Tim: The less scrupulous producers of Pinot Noir that just wanted to cheapen their production and make a more rich, smooth wine for this market that was sending watery glasses of Pinot Noir back at sports bars, was they started adding 25% Syrah to a lot of these wines.
Willa: Blending is a common and accepted practice in winemaking. Some of the very best French wines are blends. In America, the standards are a bit looser. You only need 75% of a wine to consist of the grape that’s named on the label. All of that extra Syrah, it made the Pinot go down easier.
Tim: They had to soften up and make Pinot Noir super accessible because real, unadulterated Pinot Noir, in addition to being very expensive, is not what the American consumer in 2006 really wanted. It even confused the market for what Pinot Noir should actually taste like.
Willa: I’m not saying Pinot Noirs all became phony baloney overnight, all got bad or all tasted like Syrah. In the long-term, the interest in Pinot probably did push American palates in a new direction. In the short-term and on the low end of the market, Pinot became a victim of its own success. While this made for a bunch of lousy Pinot, the irony is it made for better Merlot.
Jeff: What it did mean there for a minute, there was a ton of really good Merlot that was available for super cheap.
Willa: Jeff Bundschu, the Merlot maker at Gundlach Bundschu again.
Jeff: The red blends in the 10 years that came out after Sideways, that became red blends because no one would buy Merlot, were way effing better.
Willa: As you may have suspected, I know very little about wine. I’ve learned a bunch from working on this episode, but I can still barely tell when a wine has gone off. When someone asks me what I think about one, I often don’t know. I think the truth is that none of the wine tastes that good to me, but I feel like it could, if only I knew more, tasted more, tried harder, grew my palate. I honestly feel a little self-conscious about how little I know. I know this isn’t a universal feeling, but I don’t think it’s uncommon.
Jeff: Like you could ask somebody, “Do you like that movie? Do you like that peanut butter? Do you like that toothpaste?” They’re going to say, “I hate that movie. I love that peanut butter. I’m down with that toothpaste.” You ask them about a wine and they’re like, “I’m so sorry that I’m not a wine expert, but this kind of doesn’t taste very good to me.”
Willa: Why is just uniquely intimidating. I think that’s at least as important to the Sideways effect as whatever was in the script. It helps explain why a little movie that opened in four theaters could have such a big impact. People want guidance about wine, and we’ll take it from a waiter, a wine store clerk, a sommelier, a wine critic, or a movie character. Miles is a man who can barely affect change in his own life. He’s miserable, lonely, and a little insufferable. Listen to him.
Miles: Don’t be shy. Really get your nose right in there, really. A little citrus. Oh, there’s just the faintest soupcon of asparagus.
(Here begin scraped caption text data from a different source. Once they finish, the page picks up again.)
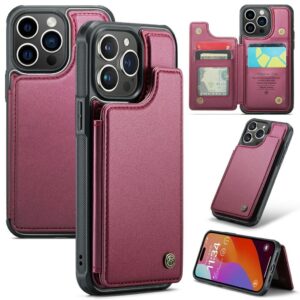 CASEME iPhone 16 Pro Plånboksskal RFID-blockerande – Röd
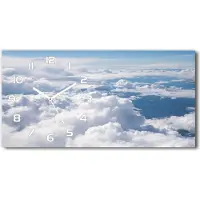 Tulup Wanduhr aus Glas – 60x30 cm - Glasbild - Glasuhr - Gehärtetes Glas - weisse-zeiger - Blick aus dem Flugzeug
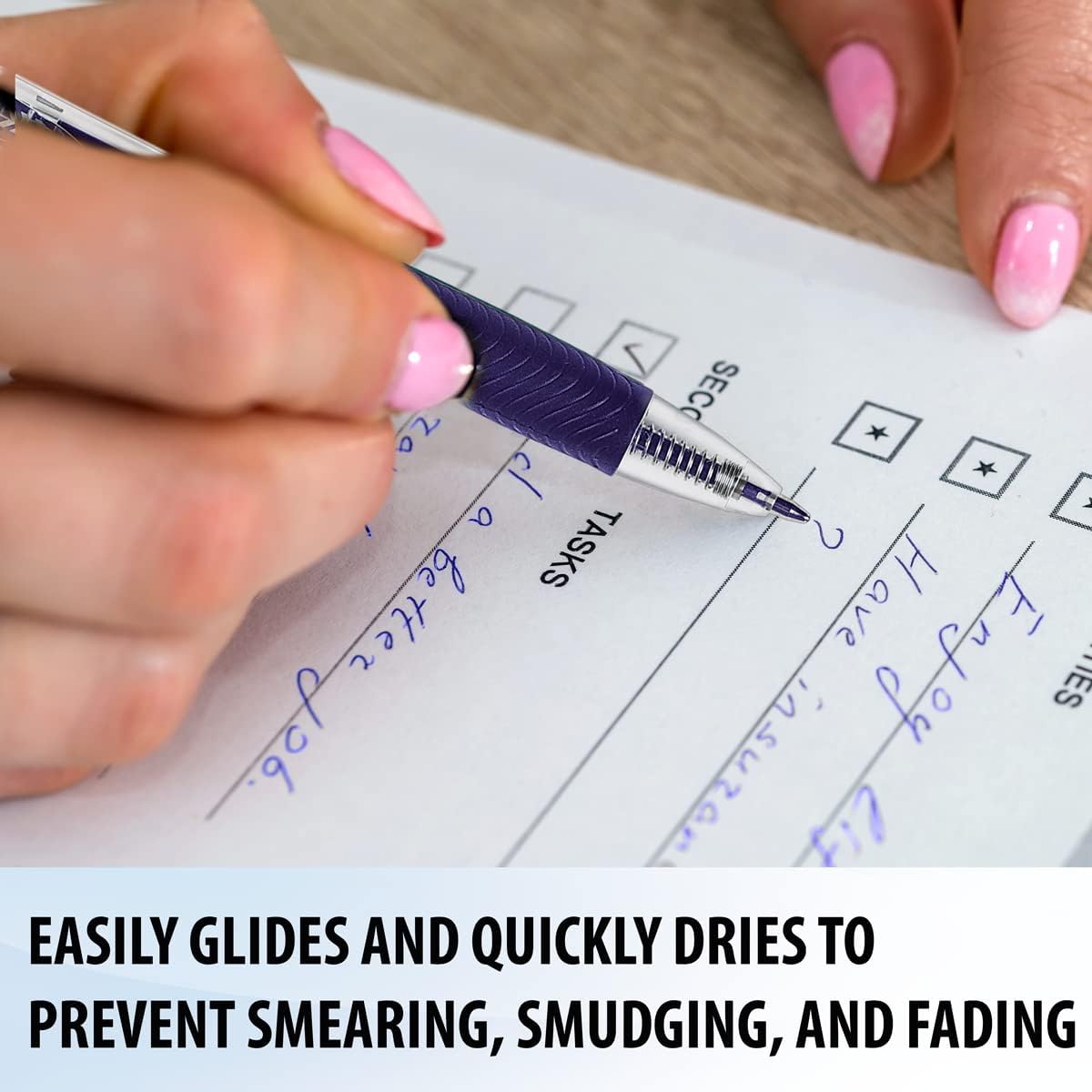 Inc. ClipClicks Retractable Ballpoint Pens - Bulk 1.0-mm Medium-Point Pen Set With Comfort Grip for School, Office, Writing, and Journaling, 50 Count, Blue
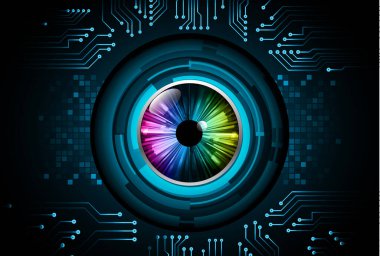 Sanal gerçeklik gözlükleriyle soyut teknoloji arka planı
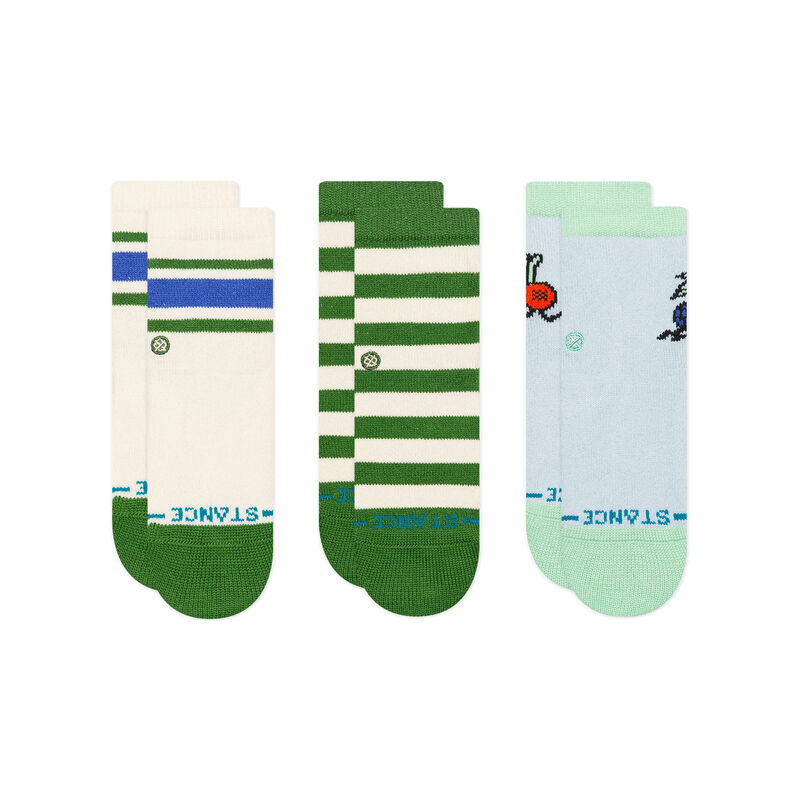 B110C25CO1 | COMMUNITY 3 PACK 1-2 YEARS | GREEN | 45659 Baby & Toddler Crew Socks 3 Pack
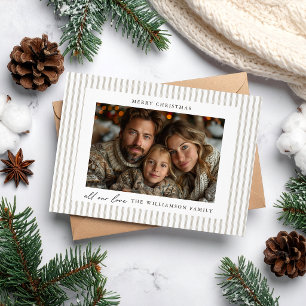 Natural Linen Stripe Modern Photo Christmas Card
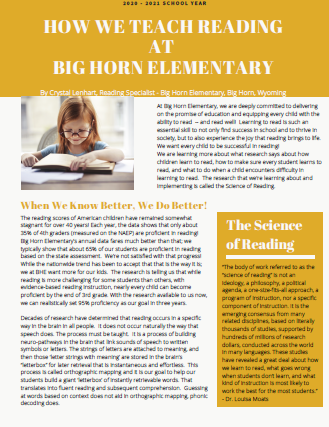 liv2learn's tweet photo. Shout out to Big Horn El. in WY! Their parent letter about how they teach reading is the P. letter we wish all families received. It outlines how their practices align w/the SoR &amp; what they will NOT teach because it doesn't! A must read! https://t.co/TXQReV4PI0 @donnajeanne15 https://t.co/C2IeBuqDN8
There’s just a flutter of a nutty Edam cheese.
Willa: He is not at all what you picture when you close your eyes and imagine an influencer, and yet he influenced the heck out of us, even though we weren’t using that word then. His high-strung, forceful, informed opinions make him a compelling authority. His strongest views are about Merlot and Pinot Noir, but maybe thinking his influence stops there is underestimating him, the movie he’s in, and how much hand-holding people want about wine. Maybe it’s all bigger. Maybe it’s even big enough to extend to Chardonnay.
We’re going to get back to that Merlot Chardonnay mystery I pinned back there. You remember the economist Steve Cuellar published a paper that showed both Merlot and Chardonnay sales plateaued, in an admittedly small, regionally specific sample, right after Sideways came out in 2004. No one had really been able to make sense of this. Then I mentioned it to Kathy Joseph, the owner of Fiddlehead Cellars. Should I tell you what the economist said?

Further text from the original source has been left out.